Quarantine restrictions on arrivals into the UK were imposed on June 8, which put an end to the hope of holidays abroad.
It meant anyone arriving in the UK, including returning citizens, would have to self-isolate for 14 days after entering the country.
But it was announced last week that measures would be relaxed for people returning from ‘safe’ countries from July 6 – called an air bridge.
Also known as a ‘travel corridor’, an air bridge is a way of allowing tourists from two countries to travel between the destinations without needing to quarantine.
The idea is that the air bridges would enable people from areas which have low transmission rates of Covid-19 to travel between countries without having to self-isolate.

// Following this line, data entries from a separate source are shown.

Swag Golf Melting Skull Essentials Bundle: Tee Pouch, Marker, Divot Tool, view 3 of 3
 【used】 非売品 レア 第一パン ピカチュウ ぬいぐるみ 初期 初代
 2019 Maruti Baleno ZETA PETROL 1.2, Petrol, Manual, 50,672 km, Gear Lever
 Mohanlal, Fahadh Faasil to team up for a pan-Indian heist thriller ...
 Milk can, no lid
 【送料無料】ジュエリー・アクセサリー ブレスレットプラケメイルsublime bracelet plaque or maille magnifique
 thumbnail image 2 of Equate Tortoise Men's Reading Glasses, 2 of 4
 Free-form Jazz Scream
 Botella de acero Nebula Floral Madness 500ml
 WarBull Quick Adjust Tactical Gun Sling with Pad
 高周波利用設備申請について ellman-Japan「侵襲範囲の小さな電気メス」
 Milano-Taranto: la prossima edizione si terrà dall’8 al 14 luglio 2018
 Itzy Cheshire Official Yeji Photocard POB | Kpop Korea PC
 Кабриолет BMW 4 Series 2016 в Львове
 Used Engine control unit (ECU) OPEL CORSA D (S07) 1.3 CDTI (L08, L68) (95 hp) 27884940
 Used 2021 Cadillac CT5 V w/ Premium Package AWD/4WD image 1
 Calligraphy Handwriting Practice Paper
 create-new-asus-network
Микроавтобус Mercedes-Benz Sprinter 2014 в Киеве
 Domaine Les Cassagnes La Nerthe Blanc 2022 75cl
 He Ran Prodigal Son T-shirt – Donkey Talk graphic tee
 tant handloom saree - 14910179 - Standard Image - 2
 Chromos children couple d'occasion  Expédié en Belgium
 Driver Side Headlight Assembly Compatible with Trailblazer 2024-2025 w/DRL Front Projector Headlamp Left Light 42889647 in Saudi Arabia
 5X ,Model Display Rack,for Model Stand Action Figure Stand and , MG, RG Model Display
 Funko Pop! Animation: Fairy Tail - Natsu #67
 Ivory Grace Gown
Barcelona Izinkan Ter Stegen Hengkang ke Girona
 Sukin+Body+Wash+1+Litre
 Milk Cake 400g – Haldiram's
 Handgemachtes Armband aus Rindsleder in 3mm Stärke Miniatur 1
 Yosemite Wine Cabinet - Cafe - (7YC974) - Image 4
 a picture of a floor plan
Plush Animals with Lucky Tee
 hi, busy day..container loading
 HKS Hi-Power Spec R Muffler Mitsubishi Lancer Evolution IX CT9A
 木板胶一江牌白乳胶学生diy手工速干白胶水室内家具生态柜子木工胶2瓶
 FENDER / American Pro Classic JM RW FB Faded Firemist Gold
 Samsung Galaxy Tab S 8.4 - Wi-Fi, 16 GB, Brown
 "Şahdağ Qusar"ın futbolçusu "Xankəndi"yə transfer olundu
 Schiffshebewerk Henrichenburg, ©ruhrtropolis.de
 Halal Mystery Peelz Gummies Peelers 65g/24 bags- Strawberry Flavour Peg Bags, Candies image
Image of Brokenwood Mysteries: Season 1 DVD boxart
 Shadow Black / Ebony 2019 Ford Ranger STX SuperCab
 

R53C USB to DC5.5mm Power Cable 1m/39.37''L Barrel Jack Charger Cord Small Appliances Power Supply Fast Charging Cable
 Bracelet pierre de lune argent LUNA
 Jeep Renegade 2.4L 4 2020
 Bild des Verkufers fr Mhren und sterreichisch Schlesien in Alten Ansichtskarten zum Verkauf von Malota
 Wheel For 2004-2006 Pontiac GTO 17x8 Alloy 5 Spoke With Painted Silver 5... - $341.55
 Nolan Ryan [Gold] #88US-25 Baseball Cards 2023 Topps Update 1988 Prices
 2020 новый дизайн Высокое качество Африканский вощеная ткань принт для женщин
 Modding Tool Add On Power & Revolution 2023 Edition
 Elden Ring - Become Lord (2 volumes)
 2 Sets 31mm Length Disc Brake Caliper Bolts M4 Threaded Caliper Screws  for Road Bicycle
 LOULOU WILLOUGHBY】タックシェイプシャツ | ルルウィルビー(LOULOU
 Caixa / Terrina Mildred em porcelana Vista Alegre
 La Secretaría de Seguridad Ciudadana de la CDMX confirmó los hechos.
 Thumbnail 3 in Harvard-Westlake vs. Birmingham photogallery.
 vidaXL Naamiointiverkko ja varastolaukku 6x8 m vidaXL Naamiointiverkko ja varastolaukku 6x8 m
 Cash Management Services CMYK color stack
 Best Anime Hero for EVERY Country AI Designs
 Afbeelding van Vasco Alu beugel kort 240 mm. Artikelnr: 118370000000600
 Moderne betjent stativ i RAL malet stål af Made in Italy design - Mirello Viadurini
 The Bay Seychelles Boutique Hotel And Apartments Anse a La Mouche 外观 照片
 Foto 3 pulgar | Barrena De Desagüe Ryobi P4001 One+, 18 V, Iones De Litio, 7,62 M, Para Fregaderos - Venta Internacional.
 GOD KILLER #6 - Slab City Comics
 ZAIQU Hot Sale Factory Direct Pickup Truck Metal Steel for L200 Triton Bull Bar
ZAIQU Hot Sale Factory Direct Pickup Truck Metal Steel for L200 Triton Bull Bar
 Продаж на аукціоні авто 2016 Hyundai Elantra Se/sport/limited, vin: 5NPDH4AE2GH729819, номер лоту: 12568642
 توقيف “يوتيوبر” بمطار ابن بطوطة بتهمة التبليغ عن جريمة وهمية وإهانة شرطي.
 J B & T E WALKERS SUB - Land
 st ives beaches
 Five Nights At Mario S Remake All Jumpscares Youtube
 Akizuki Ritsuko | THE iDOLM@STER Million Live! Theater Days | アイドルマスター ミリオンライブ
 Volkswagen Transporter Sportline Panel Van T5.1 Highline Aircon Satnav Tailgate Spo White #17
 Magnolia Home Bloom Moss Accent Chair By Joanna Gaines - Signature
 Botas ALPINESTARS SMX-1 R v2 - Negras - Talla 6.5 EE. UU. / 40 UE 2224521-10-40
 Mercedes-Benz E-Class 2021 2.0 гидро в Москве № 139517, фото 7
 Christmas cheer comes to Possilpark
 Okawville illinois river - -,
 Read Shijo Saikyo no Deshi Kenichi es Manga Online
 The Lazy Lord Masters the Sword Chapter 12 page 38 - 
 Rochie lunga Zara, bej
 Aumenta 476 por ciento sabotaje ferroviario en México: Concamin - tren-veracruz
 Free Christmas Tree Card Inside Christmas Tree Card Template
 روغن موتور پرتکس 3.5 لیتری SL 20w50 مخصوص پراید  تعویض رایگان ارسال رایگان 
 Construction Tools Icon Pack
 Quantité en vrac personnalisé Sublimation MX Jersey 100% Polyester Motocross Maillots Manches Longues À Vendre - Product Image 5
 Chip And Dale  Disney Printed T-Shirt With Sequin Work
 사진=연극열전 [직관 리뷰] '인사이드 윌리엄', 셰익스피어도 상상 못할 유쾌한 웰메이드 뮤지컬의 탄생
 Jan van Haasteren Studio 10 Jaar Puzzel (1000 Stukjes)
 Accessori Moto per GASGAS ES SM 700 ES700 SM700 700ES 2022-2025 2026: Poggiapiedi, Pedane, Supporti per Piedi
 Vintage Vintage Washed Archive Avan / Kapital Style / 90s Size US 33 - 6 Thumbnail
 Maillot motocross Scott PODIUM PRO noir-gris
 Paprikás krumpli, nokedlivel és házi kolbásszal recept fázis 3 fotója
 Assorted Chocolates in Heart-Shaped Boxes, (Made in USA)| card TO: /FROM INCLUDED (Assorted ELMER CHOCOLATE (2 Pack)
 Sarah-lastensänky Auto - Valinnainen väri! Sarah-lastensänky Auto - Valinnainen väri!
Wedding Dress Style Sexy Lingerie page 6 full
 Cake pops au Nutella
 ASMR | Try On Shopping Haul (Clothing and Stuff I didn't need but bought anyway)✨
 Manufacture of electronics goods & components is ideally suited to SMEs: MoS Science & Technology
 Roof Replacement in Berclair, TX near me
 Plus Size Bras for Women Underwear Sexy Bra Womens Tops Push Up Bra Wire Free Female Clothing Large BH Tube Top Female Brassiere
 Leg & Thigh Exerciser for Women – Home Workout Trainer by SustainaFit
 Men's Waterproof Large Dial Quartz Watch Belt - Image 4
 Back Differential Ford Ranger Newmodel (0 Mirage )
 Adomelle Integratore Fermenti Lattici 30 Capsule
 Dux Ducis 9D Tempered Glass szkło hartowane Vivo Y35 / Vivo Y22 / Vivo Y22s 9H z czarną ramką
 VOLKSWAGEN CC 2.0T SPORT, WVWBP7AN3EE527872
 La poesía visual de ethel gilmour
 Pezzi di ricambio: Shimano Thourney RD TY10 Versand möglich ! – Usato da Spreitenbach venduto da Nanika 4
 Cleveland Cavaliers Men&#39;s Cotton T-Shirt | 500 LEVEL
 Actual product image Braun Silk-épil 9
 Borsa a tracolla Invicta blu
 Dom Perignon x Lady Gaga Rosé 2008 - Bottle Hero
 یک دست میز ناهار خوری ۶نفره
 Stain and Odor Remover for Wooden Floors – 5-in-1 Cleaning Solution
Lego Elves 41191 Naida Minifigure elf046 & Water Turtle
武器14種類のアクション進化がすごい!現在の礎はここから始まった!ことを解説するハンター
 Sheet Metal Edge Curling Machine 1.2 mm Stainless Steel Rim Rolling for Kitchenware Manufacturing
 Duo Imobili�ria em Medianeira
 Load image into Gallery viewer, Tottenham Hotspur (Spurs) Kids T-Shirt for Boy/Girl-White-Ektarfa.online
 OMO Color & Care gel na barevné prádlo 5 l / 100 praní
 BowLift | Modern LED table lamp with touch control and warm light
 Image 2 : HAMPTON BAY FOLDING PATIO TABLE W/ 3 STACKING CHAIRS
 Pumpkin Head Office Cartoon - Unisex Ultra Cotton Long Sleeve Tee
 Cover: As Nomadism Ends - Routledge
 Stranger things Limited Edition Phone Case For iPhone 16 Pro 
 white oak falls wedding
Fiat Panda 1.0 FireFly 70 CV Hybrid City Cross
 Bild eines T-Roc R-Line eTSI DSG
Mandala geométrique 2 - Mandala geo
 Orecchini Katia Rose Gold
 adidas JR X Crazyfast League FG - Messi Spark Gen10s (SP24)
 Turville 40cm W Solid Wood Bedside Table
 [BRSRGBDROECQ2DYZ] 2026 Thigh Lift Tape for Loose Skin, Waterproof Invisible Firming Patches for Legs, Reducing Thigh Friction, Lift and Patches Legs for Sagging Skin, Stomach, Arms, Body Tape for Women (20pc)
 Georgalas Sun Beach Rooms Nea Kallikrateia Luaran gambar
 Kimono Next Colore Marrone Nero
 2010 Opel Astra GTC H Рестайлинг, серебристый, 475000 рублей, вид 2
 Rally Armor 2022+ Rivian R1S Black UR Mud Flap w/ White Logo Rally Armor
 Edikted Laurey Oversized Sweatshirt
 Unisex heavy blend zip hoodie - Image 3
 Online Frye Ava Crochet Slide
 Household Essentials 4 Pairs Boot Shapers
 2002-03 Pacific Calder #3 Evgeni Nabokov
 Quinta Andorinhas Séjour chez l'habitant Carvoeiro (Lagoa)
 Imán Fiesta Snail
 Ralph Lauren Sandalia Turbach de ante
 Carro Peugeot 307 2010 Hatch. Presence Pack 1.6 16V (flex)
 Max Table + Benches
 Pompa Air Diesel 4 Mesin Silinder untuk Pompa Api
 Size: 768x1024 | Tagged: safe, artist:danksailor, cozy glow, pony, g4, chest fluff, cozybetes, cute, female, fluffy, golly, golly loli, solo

The Government has been working on a traffic light system based on coronavirus risks in other countries, and plans on permitting travel to both ‘green’ and ‘amber’ countries.
But a number of countries have reportedly delayed proposed air bridge agreements with the UK following the second lockdown in Leicester.
Greece announced it was extending its ban on flights from the UK until July 15, despite opening to tourists from other countries for the first time since lockdown.
The 12 countries which will form air bridges with the UK have not yet been announced – but other countries are expected to follow Greece and stay closed to British holidaymakers.
TUI’s Managing Director Andrew Flintham told Radio 4’s Today programme: ‘The conversations with overseas countries, as Greece has demonstrated, is a two-way decision.
‘So I think there are still going to be a few bumps in the road and I still think there will be some countries that won’t be opening up – which means we’ll have to cancel a few more holidays, but hopefully not as many as we’ve been cancelling.’
The government has been criticised by figures in the travel sector for not revealing the full details of its relaxation of the measures, saying that it is preventing people from booking holidays with confidence.